You must exit before rebooting to save the new password. If you do not exit, although everything appears to be OK, the password change will be quietly discarded.

Step 6

Type reboot and press Enter to start the appliance in normal mode.

Install Updates

Before you can update the Threat Grid Appliance with newer versions, you must have completed the initial setup and configuration steps as described in the Cisco Threat Grid Appliance Setup and Configuration Guide.


Note

If you have a new appliance that shipped with an older version of software and want to install updates, you must first complete the initial configuration. Threat Grid Appliance updates will not download unless the license is installed, and may not apply correctly if the Appliance has not been fully configured, including the database.

The following considerations should be observed when installing updates:

  • Threat Grid Appliance updates are applied through the OpAdmin Portal.

  • If the update server sends an update, the client moves all the way forward to that version. It's not always possible to skip interim releases; when not possible, the update server will require the appliance to install the release before it can download the next update.

  • If the server allows you to download a version, you are eligible to move to that version directly; that is, with no intervening reboots beyond those needed for a single upgrade.

  • Updates are one-directional: you cannot revert to a previous version after you upgrade to a more recent version.

For instructions on installing updates, see the Install Updates section in the Cisco Threat Grid Appliance Setup and Configuration Guide.

Updates Port

The Threat Grid Appliance downloads release updates over SSH, port 22.

  • Release updates can also be applied from the textual (curses) interface (Threat Grid Appliance v1.1 and later), not just from the web-based administrative interface (OpAdmin).

  • Systems using DHCP need to explicitly specify DNS (v1.3 and later). An upgrade of a system without a DNS server explicitly specified to 1.3 will fail.

Troubleshoot Updates

A database upgrade not successful message means that a new Threat Grid Appliance is running an older version of PostgreSQL and the automated database migration process failed. It is critical that this be fixed prior to any upgrade to v2.0.

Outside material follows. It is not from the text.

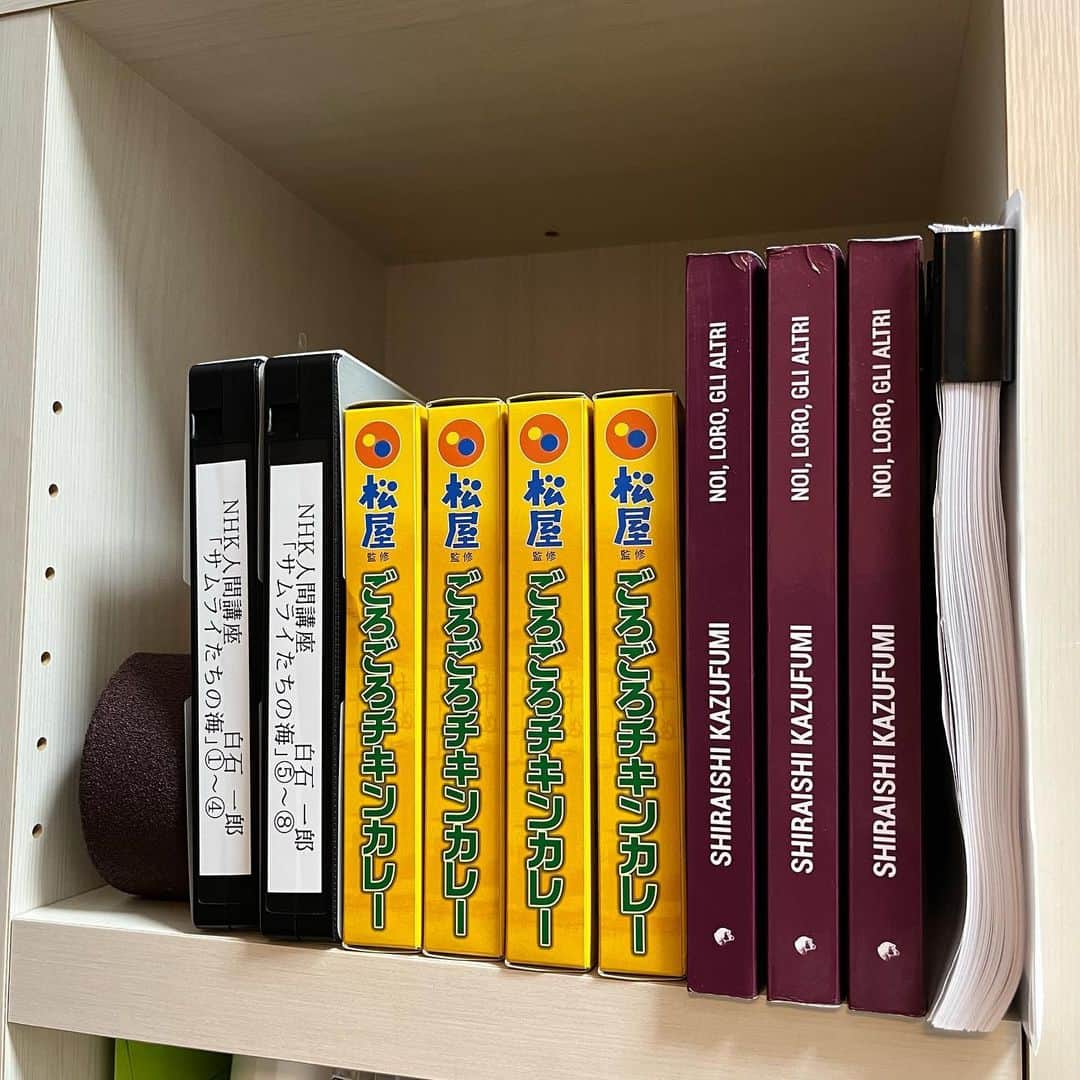 白石一文さんのインスタグラム写真 - (白石一文Instagram)「本棚に置かれていた。#松屋のカレー」9月21日 23時50分 - s.kazu2017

See Threat Grid Appliance Release Notes v2.0.1 for more information.

Database Schema Updates

Historically, on standalone appliances, database migrations associated with updates would occur while the system was offline in single-user mode, except in a cluster, where the updates would occur after the first upgraded node came back online. (The exception to this was for unusually long updates that could be run in the background, which we handled on a case-by-case basis.)

Threat Grid Appliance (v2.5.0 and later) now updates the database schema after the system finishes reboot. This may potentially cause the boot process to take slightly longer. (Very long ones will continue to be handled case-by-case.)

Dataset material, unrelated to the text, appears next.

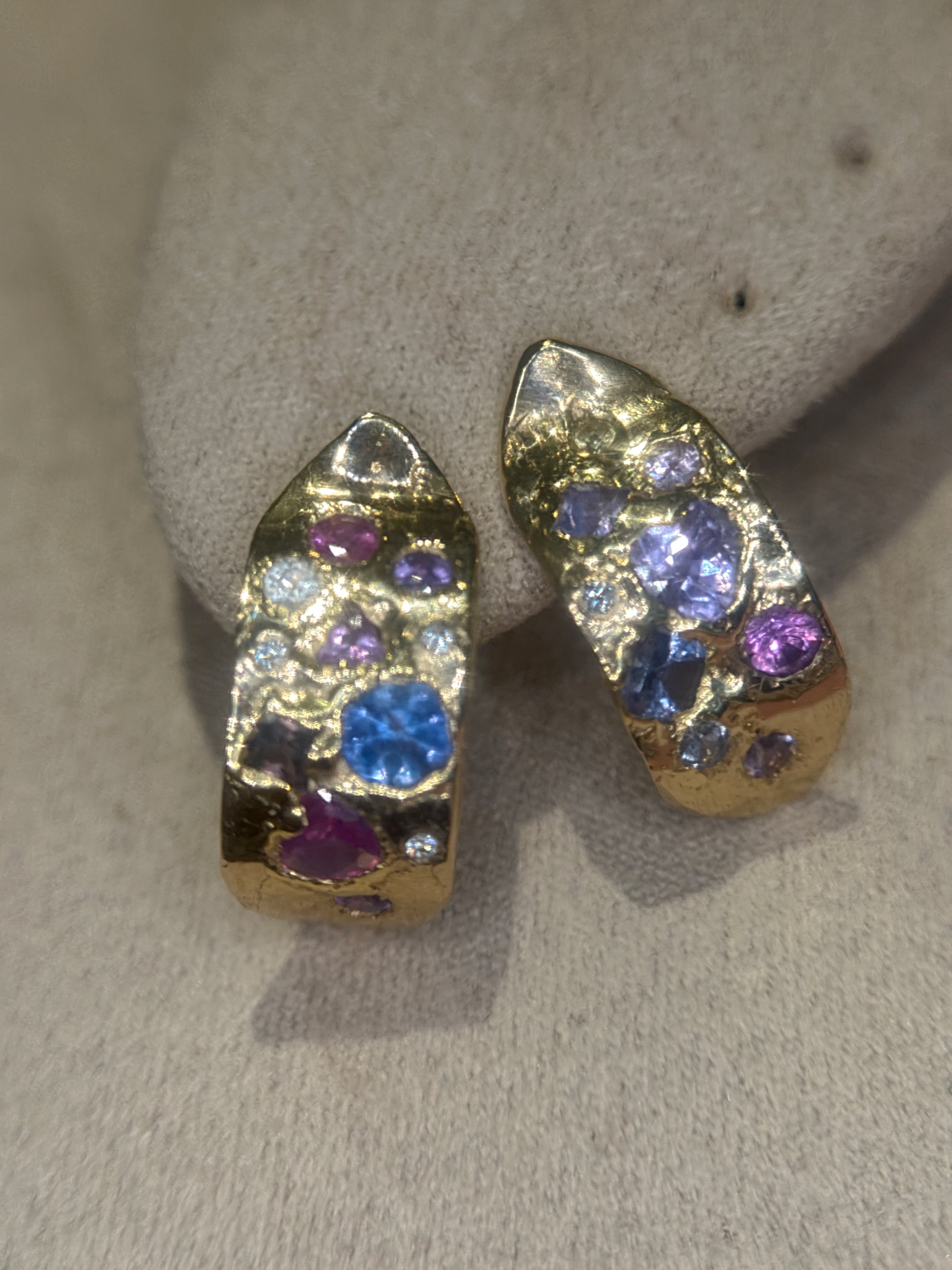Abstract Art Semi Hoop Earrings with Sapphires in 18 Ct Gold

In prior releases, non-clustered systems with backup support enabled would make a best-effort attempt to operate correctly when their NFS server was down. Due to changes in ElasticSearch functionality, we can no longer guarantee this behavior.

Background Elasticsearch index migration to ES6-native indexes is enabled in v2.7.2 and later. This migration must successfully complete before any version of the Threat Grid Appliance which requires Elasticsearch 7.0 or newer is installed.


Note

Elasticsearch index migration may cause substantial delays in the NFS backup process, causing related warnings. These warnings should be disregarded, as service notices indicate that index migration is actively ongoing. You should only raise a ticket with Support if the index migration process fails to make progress over an extended period.